Osella said he arrived at Thiruvananthapuram airport early Thursday morning via Dubai on an Emirate flight. As he was about to leave the aircraft, he was told to contact the flight assistants, who led him to a person who was waiting for him outside. “I was taken to the immigration desk, and processed as it is normally done. But after they scanned my passport, took my photo and fingerprints, they told me that I was not allowed to enter India, and that I would be deported immediately,” said Osella, adding that “indeed, the decision had already been taken prior to my arrival, as an Emirates employee was already there to arrange my deportation via Dubai flight”.
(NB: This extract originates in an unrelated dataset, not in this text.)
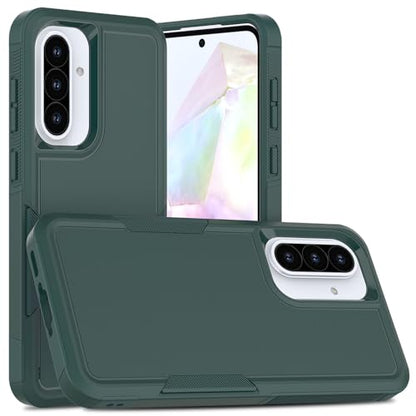 for Samsung Galaxy A37 / Galaxy A36 5G / Galaxy A57 5G Case: Dual Layer Protective Heavy Duty Cell Phone Cover Shockproof Rugged with Screen Protector - Military Protection Bumper Tough, Dark Green - color: Dark Green (PC) + Dark Green (TPU)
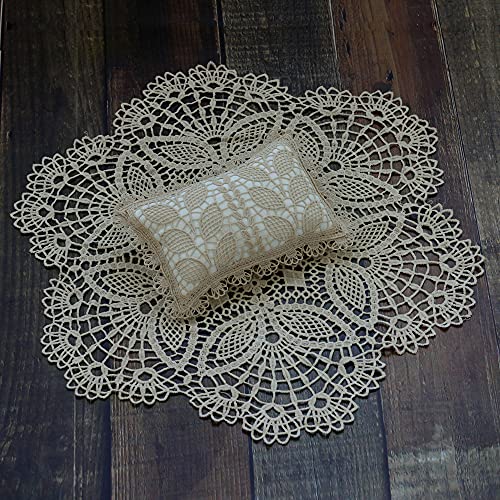 Zeroest Newborn Photography Lace Blanket Posing Props Set (Khaki) - color: Khaki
When asked if he was told why he was being deported, Osella said, “The immigration personnel and the immigration supervisor were extremely unfriendly and impolite. They refused to explain why I was not allowed in, and deported. (They) only said that it was a ‘government of India decision/order’.”

He added that his one-year research visa expires only mid-April “and my return flight was well before the expiry date. Yes, I have a couple of old visas to Pakistan in my passport because I am a South Asia specialist. These visas have never stopped me (from) being granted entry into Kerala or India,” he said.

Osella, whose association with India, especially Kerala, started in the late 1980s, has published extensively on the lives of people, relationships, trends and reforms within communities in the state. Among his recent works is an exploration of the emergence of various strands of Islamic reforms in Kerala, and the relationship between religious practice, politics and economic action.

He is also researching artisanal fisherfolk and their attitudes towards risk across the whole range of their activities — an area that was also the focus of the conference he was to attend: ‘Emerging themes connected to the livelihood and lifeworld of Kerala’s coastal communities’.

An academic who has known Osella and his work for several years spoke on condition of anonymity and said he was surprised at the decision to deport the scholar since his work rarely touched upon hot-button political issues of the day. “He was known for his careful approach. Though he studied a lot about the Muslim community in Kerala, these were works that he did at least a decade ago and he always stayed away from political Islam and related controversial topics,” the academic said.

One of the organisers of the conference said, “Neither the conference nor the organisers had anything politically sensitive as it was being jointly organised with government agencies, universities and some of the top academics.”